▸ Work instructions: Keep images out and repeat all data exactly.

▸ Dataset extract:
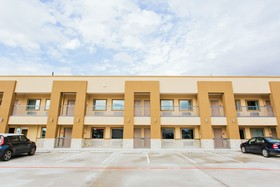 Budget Host Inn & Suites Sugar Land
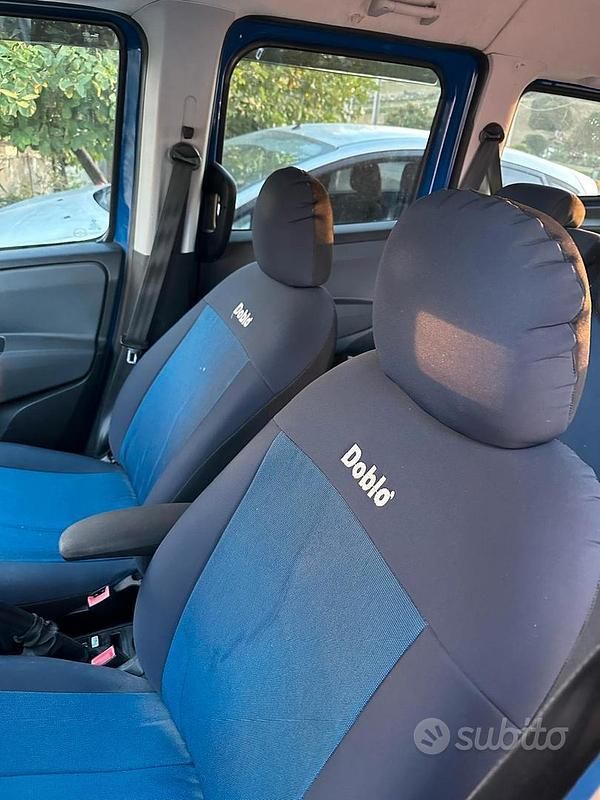 Usata Fiat Doblò 105 CV (77 kW) 2012 Blu Monovolume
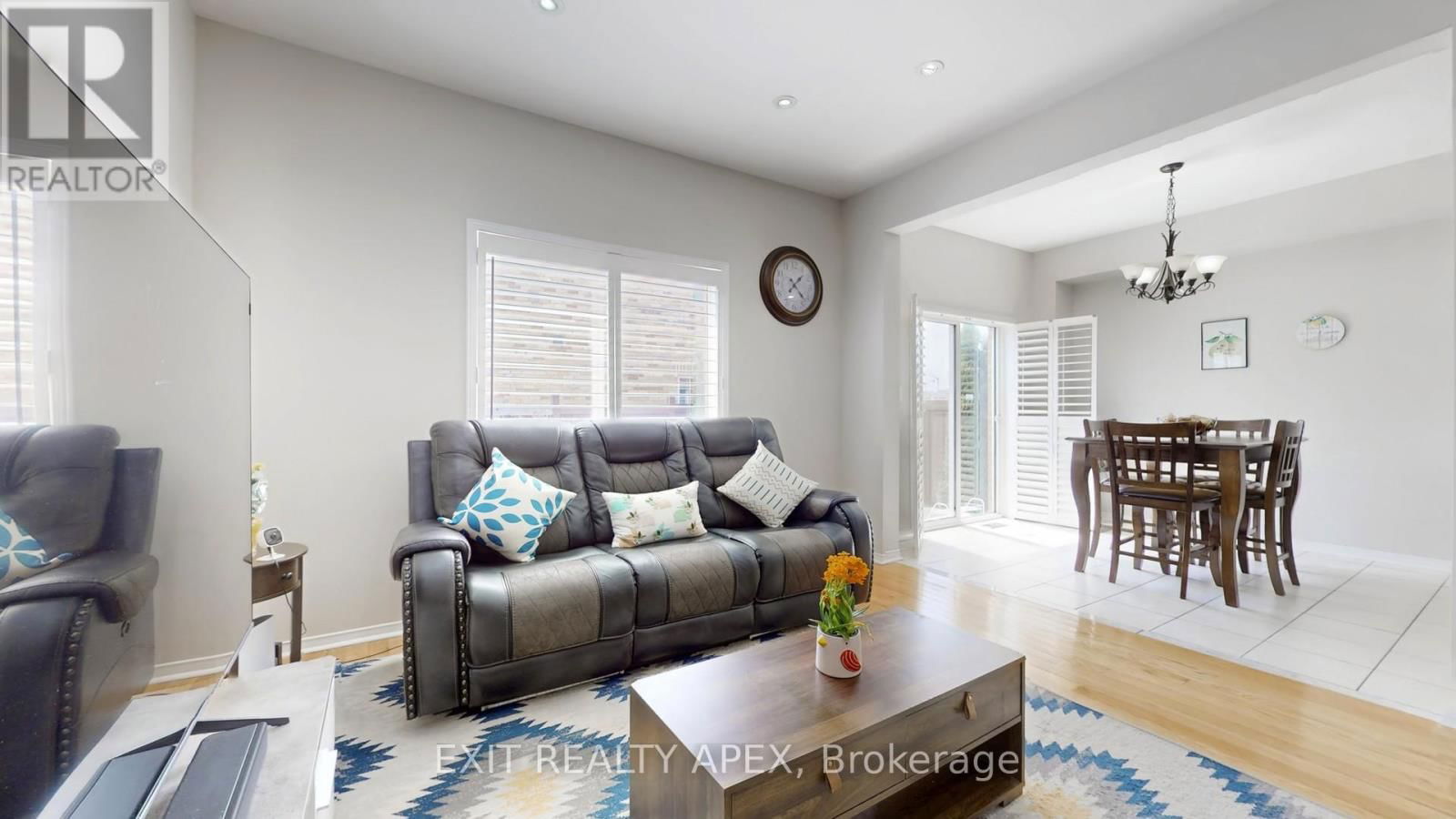 77 COMMODORE DRIVE Image 11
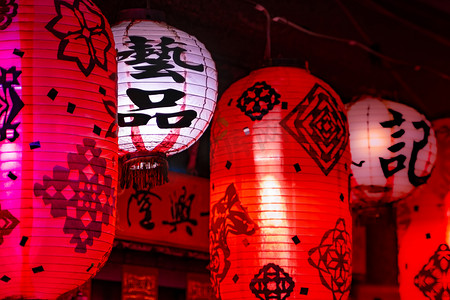 灯笼挂在房前，上面有传统的中国图案和文字，意谓着房子上的艺术品.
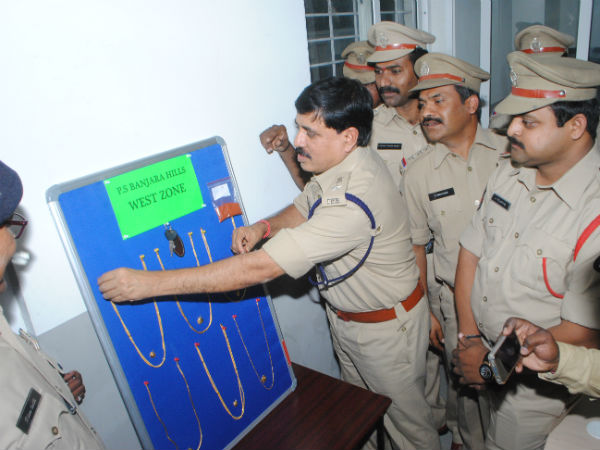బీటెక్ స్టూడెంట్ పేరుతో బురిడీ:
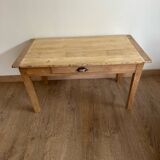 Table basse en bois brut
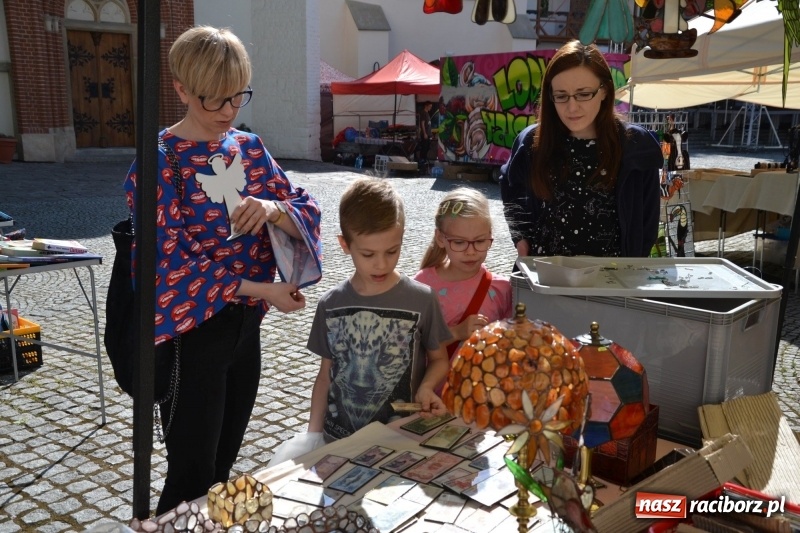 Zdjęcie w galerii na portalu naszraciborz.pl: Kwiaty, jadło, rękodzieło, folklor i statua wolności, czyli zamkowy jarmark różności  wiadomości z regionu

▸ Your response:
 Budget Host Inn & Suites Sugar Land
 Usata Fiat Doblò 105 CV (77 kW) 2012 Blu Monovolume
 77 COMMODORE DRIVE Image 11
 灯笼挂在房前，上面有传统的中国图案和文字，意谓着房子上的艺术品.
బీటెక్ స్టూడెంట్ పేరుతో బురిడీ:
 Table basse en bois brut
 Zdjęcie w galerii na portalu naszraciborz.pl: Kwiaty, jadło, rękodzieło, folklor i statua wolności, czyli zamkowy jarmark różności  wiadomości z regionu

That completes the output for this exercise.